KABARKALIMANTAN1, Jakarta – Kasus menyedihkan dialami MF (10), seorang siswi Sekolah Dasar (SD) di Samarinda, Kalimantan Timur. Ia diusir guru dari ruang kelas saat hendak mengikuti ujian. Alasannya, MF tak punya ponsel atau handphone (HP) serta seragam sekolah.
Peristiwa tersebut terjadi pada Selasa, 28 Mei 2022. Begitu mendpat laporan, Ketua Tim Reaksi Cepat Perlindungan Perempuan dan Anak (TRC-PPA), Rina Zainun, segera bergerak.

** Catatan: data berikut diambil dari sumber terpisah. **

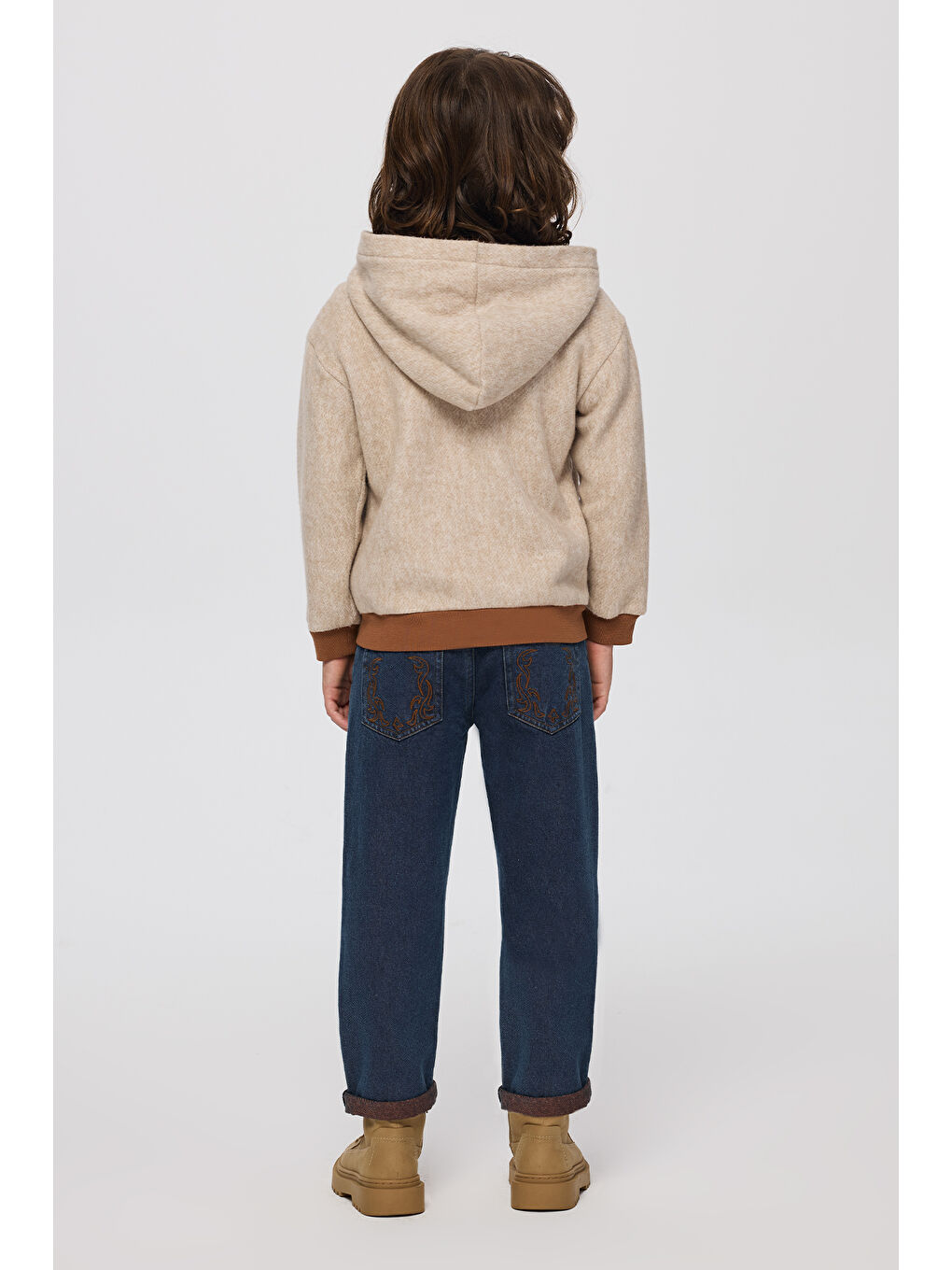 Erkek Çocuk Fermuarlı Sweatshirt Bej-Melanj-7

Ia menjelaskan, persoalan tersebut sudah mendapat atensi dari Dinas Pendidikan (Disdik) Samarinda. Saat ini pihaknya sedang berusaha mediasi dengan pihak sekolah.
“Anak ini disuruh pulang oleh gurunya dengan nada tidak enak, karena dia tidak ikut pembelajaran selama setahun. Penyebabnya, ia tak punya handphone dan seragam sekolah,” ujar Rina, Jumat (3/6/2022).
Tak hanya itu, ketika MF diusir dari sekolah, sejumlah murid dalam kelas ikut melakukan perundungan. Dia dilempar kertas dan buku. Tindakan inilah yang membuat TRC-PPA berang.
Tak seharusnya guru mengusir siswa hanya karena persoalan ponsel. Usai aksi tersebut, MF ditemukan menangis di pinggir jalan oleh Kadir Jailani, seorang sukarelawan. “Dia-lah yang membantu MF untuk mengonfirmasi pihak sekolah,” tuturnya.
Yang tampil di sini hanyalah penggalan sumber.